Least privilege in managed SaaS now depends on the quality of delegated workflows. When workflows are over-permissive, the control failure is structural and repeats across tenants. For organisations formalising identity controls, the OWASP Non-Human Identity Top 10 is a useful external benchmark for thinking about access scope, rotation, and governance boundaries.


For practitioners

  • Map delegated administration boundaries Document which tenant actions the MSP can take centrally, which require customer approval, and which must remain client-owned. Review role separation for onboarding, entitlement changes, and emergency access across every tenant.
  • Audit provisioning and deprovisioning workflows Test the full joiner-mover-leaver path for each application class, including removal of stale entitlements, subscription cleanup, and revocation of administrator roles when a contract or tenant relationship changes.
  • Tie usage analytics to access review decisions Use application utilisation and inactivity signals to prioritise certification reviews, but require an owner to validate business need before removal. Do not let dashboards replace reviewer accountability.
  • Separate standard workflows from client-specific policy Keep baseline automation consistent, then layer customer-specific exceptions for sensitive applications, privileged roles, and regulatory requirements so one tenant’s policy does not overwrite another’s.

Key takeaways

  • Centralised SaaS management helps MSPs reduce operational friction, but the real security test is whether tenant-specific identity governance survives the consolidation.
  • Automation and analytics only improve control when they feed lifecycle decisions, access reviews, and deprovisioning in the target systems.
  • For practitioners, the most important question is not whether the platform scales, but whether delegated administration remains auditable, bounded, and client-specific.

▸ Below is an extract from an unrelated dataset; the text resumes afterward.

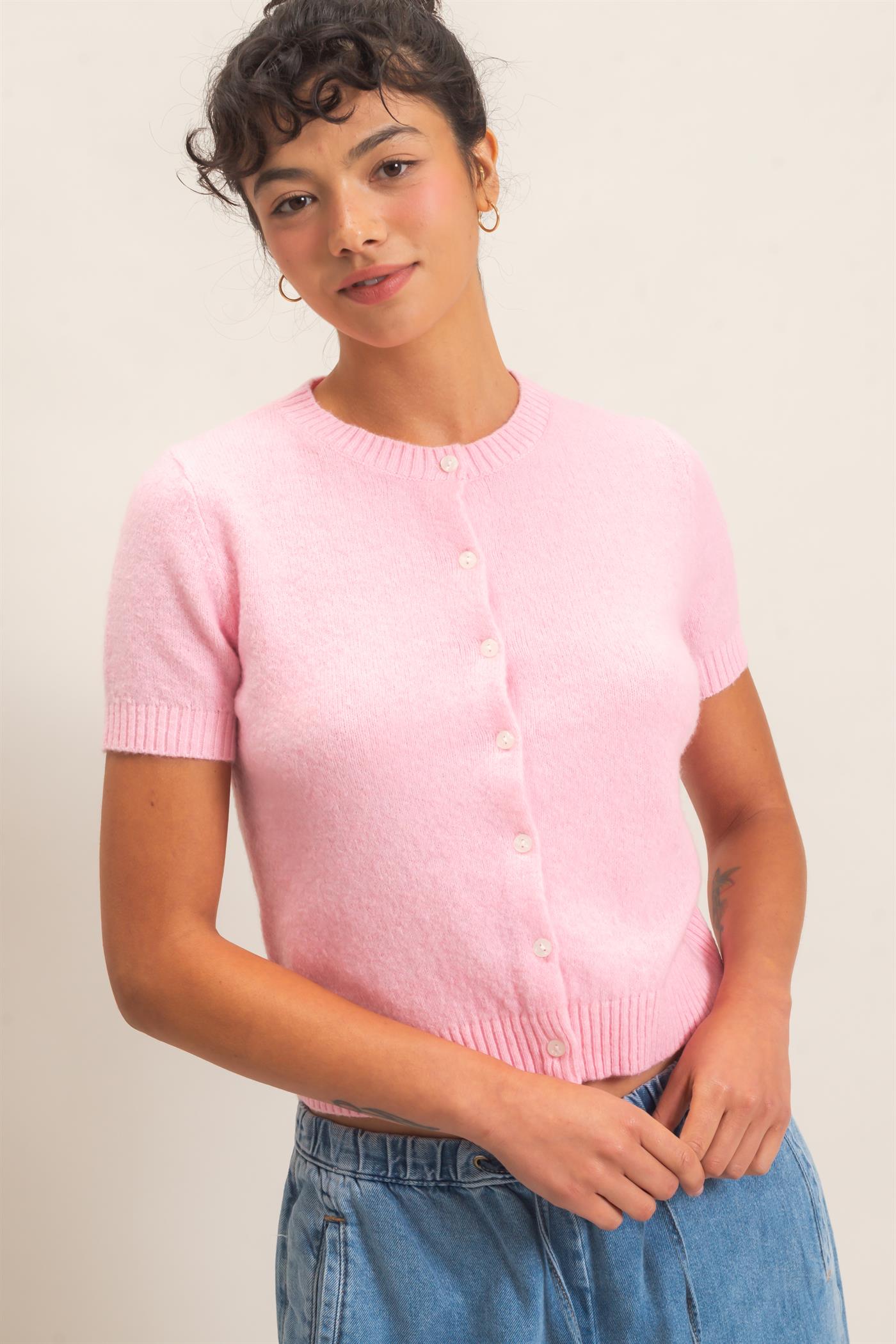 Wholesale Crew Neck Short Sleeve Cardigan Cardigans DZ26E108 PINK DOUBLE ZERO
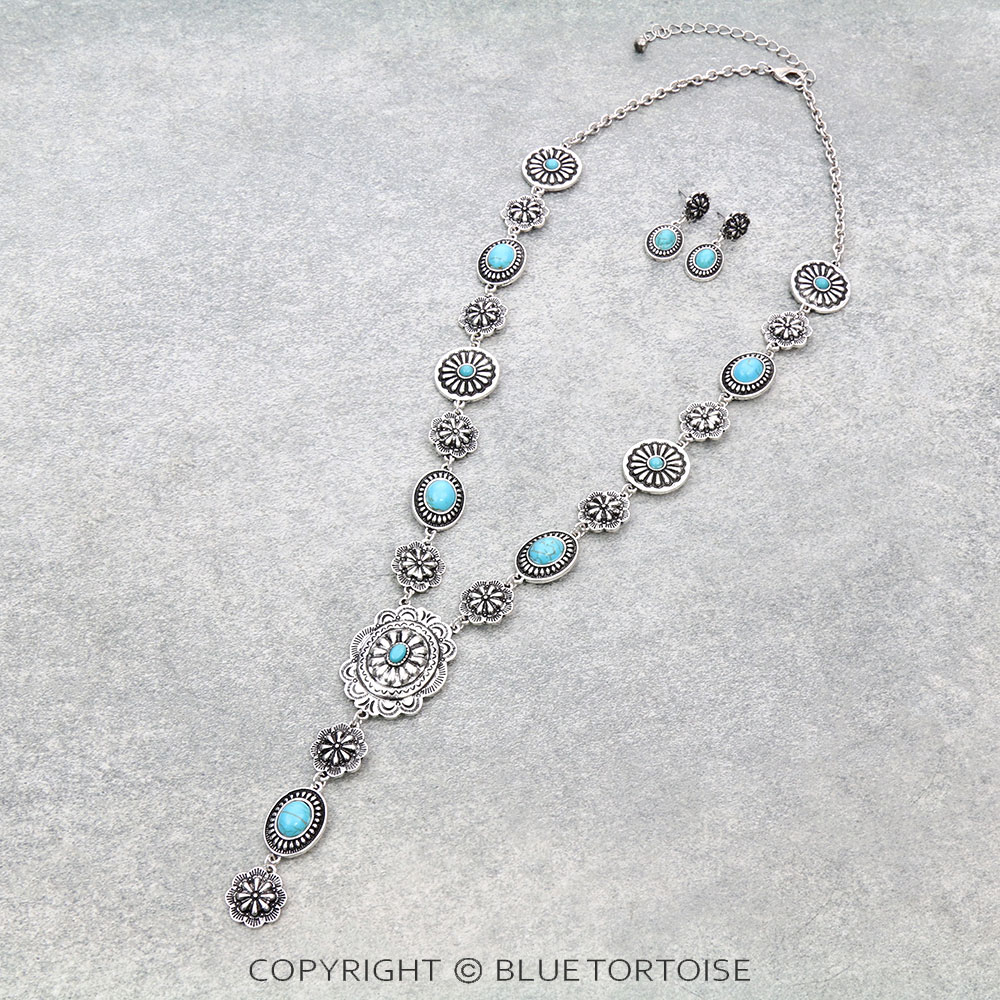 Western Concho Stone Y Necklace Set – Bluetortoisewholesale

Standards & Framework Alignment

This section maps relevant standards and security frameworks to the operational risks and controls described in this guidance.

OWASP Non-Human Identity Top 10 address the attack and risk surface, while NIST CSF 2.0 and NIST Zero Trust (SP 800-207) set the governance and control requirements practitioners need to meet.

FrameworkControl / ReferenceRelevance
NIST CSF 2.0PR.AC-4Least-privilege enforcement across tenants maps directly to access control governance.
OWASP Non-Human Identity Top 10NHI-03Automated provisioning and deprovisioning create the same lifecycle risks as other NHI workflows.
NIST Zero Trust (SP 800-207)AC-6Centralised multi-tenant administration needs least-privilege and bounded access decisions.

Apply least-privilege access design to MSP admin roles and keep customer environments explicitly separated.


Key terms

  • Delegated Administration: Delegated administration is the assignment of management rights to a third party or internal operator without transferring full ownership of the environment. In SaaS and MSP settings, it must be bounded by tenant, role, and task so operational convenience does not erase accountability or broaden access beyond intent.
  • Tenant-Specific Governance: Tenant-specific governance is the practice of applying distinct control, approval, and review rules to each customer environment inside a shared platform. It matters in MSP operations because centralised tooling can otherwise hide differences in risk, contractual scope, and regulatory obligations.
  • Access Certification: Access certification is the formal review of whether a person, service account, or delegated role still needs its permissions. In multi-tenant SaaS environments, certification is most useful when it is driven by usage, ownership, and tenant context rather than by a generic approve-or-reject exercise.
  • Lifecycle Offboarding: Lifecycle offboarding is the controlled removal of access, roles, subscriptions, and related entitlements when a user, service, or customer relationship ends. For MSP-managed SaaS, offboarding must verify the target systems have actually revoked access, not just the management layer.

Deepen your knowledge

NHI governance, agentic AI identity, and machine identity lifecycle are core topics in our NHI Foundation Level course, the industry's only accredited NHI security programme. If you are responsible for identity security strategy or NHI governance in your organisation, it is worth exploring.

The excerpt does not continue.